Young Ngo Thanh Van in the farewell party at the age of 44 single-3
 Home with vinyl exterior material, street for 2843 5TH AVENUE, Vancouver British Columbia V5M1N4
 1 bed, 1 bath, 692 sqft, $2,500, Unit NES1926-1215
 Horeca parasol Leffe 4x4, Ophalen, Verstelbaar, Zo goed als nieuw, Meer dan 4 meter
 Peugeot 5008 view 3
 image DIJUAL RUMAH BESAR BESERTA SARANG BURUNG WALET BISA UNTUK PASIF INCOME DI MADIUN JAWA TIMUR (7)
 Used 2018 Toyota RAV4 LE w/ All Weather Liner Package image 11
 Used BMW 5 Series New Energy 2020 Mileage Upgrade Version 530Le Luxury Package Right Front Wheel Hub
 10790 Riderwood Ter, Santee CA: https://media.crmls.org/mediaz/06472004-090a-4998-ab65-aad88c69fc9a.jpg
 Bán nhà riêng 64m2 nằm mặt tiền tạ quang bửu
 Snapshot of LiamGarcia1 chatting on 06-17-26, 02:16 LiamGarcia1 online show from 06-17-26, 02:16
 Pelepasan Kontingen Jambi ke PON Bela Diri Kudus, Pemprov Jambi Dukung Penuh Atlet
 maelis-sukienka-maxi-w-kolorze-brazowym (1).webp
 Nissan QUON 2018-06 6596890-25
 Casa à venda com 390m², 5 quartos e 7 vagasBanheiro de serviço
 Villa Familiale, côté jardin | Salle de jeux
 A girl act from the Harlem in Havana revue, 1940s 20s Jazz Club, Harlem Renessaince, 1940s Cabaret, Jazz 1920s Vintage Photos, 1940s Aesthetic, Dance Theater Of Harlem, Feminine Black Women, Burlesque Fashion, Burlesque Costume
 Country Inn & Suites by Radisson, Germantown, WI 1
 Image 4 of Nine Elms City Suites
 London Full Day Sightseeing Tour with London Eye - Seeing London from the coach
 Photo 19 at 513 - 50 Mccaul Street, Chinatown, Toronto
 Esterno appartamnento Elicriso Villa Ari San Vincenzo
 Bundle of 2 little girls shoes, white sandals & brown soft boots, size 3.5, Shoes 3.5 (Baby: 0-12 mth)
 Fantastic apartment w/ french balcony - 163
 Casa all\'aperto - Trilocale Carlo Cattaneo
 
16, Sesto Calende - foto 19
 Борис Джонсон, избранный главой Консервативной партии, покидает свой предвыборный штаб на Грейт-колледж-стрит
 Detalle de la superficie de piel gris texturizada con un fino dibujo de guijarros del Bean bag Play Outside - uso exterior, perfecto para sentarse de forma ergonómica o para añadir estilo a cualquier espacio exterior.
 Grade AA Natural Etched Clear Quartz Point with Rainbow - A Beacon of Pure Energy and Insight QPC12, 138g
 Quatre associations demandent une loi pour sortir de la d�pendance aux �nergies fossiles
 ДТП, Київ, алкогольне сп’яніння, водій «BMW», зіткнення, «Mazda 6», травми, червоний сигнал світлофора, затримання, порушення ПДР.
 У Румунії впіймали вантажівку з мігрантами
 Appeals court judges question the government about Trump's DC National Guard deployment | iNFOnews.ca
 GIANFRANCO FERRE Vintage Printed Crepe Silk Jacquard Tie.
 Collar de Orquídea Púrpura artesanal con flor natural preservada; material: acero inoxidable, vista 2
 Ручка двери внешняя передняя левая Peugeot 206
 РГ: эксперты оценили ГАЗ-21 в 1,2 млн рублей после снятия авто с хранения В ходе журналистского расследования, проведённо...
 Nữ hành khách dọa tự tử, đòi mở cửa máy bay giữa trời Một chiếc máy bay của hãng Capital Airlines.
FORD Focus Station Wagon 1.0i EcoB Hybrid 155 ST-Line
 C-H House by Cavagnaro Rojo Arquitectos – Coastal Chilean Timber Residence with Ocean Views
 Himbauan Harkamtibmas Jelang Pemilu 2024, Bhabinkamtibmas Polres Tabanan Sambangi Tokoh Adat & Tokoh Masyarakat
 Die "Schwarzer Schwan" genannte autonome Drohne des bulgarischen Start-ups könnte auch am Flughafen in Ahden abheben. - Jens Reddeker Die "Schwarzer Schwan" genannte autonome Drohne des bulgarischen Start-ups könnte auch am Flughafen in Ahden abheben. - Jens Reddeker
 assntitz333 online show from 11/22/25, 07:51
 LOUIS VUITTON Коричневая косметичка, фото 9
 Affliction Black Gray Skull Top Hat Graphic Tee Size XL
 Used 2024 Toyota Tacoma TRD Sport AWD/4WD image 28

_ _ _ _

■ **ACTION ITEM**:
Exactly the lines from the one containing "Jens Reddeker Die" through the last line of the records are to be transcribed, both endpoints included.

■ **PROBLEM SOLUTION**:
 Die "Schwarzer Schwan" genannte autonome Drohne des bulgarischen Start-ups könnte auch am Flughafen in Ahden abheben. - Jens Reddeker Die "Schwarzer Schwan" genannte autonome Drohne des bulgarischen Start-ups könnte auch am Flughafen in Ahden abheben. - Jens Reddeker
 assntitz333 online show from 11/22/25, 07:51
 LOUIS VUITTON Коричневая косметичка, фото 9
 Affliction Black Gray Skull Top Hat Graphic Tee Size XL
 Used 2024 Toyota Tacoma TRD Sport AWD/4WD image 28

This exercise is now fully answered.